Este trágico hecho ocurrió en junio de 2024, cuando un efectivo policial, en lugar de proceder con una denuncia por agresión sexual, indujo a la joven a buscar “venganza”. El policía le proporcionó la ubicación de la víctima en la zona de Achachicala, en la ciudad de La Paz.

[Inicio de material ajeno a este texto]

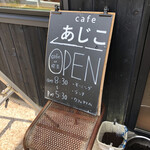 Cafeあじこ -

La sentencia fue emitida el lunes 2 de febrero y también incluyó a una amiga de Alejandra, quien fue condenada a 15 años de cárcel en rebeldía por complicidad. Además, dos policías que presenciaron el crimen recibieron penas de 2 años de privación de libertad por encubrimiento. Uno de ellos envió el mensaje “Ven, venganza, está aquí”, mientras que el segundo omitió denunciar el asesinato a pesar de conocer la cercanía de los retenes policiales.
El origen del conflicto
El conflicto se inició el 10 de junio, cuando Alejandra denunció haber sido violada y estrangulada por Jhonatan tras una fiesta. Según el relato de su madre, la valoración médico-legal fue deficiente, ya que se realizó 12 días después del incidente. Los forenses solo registraron hematomas en el cuello, ignorando la agresión sexual.
El fiscal del caso, Fabio Maldonado, indicó que dicha agresión nunca fue formalizada como denuncia, por lo que no fue considerada como evidencia durante el juicio.
El desenlace fatal
El desenlace trágico ocurrió 6 días después de la presunta violación, cuando el policía amigo de Alejandra le reveló que Jhonatan se encontraba bebiendo. Alejandra acudió al lugar y, según la acusación fiscal, atacó al hombre con un arma blanca, lo que provocó su muerte por shock hipovolémico.
La víctima falleció mientras era trasladada a un hospital por un familiar, ya que los presentes, incluidos los uniformados, no prestaron el auxilio correspondiente ni reportaron el suceso.
La defensa de Alejandra
A pesar de la condena, la familia de Alejandra sostiene su inocencia respecto al asesinato. Argumentan que ella solo golpeó al sujeto y que existen graves contradicciones en el proceso judicial.
Denuncian que el arma nunca fue hallada y que tres testigos clave no fueron llamados a declarar. Ante estas presuntas irregularidades y la falta de valoración de la agresión sexual previa, la defensa de la joven ha anunciado que apelará la determinación judicial.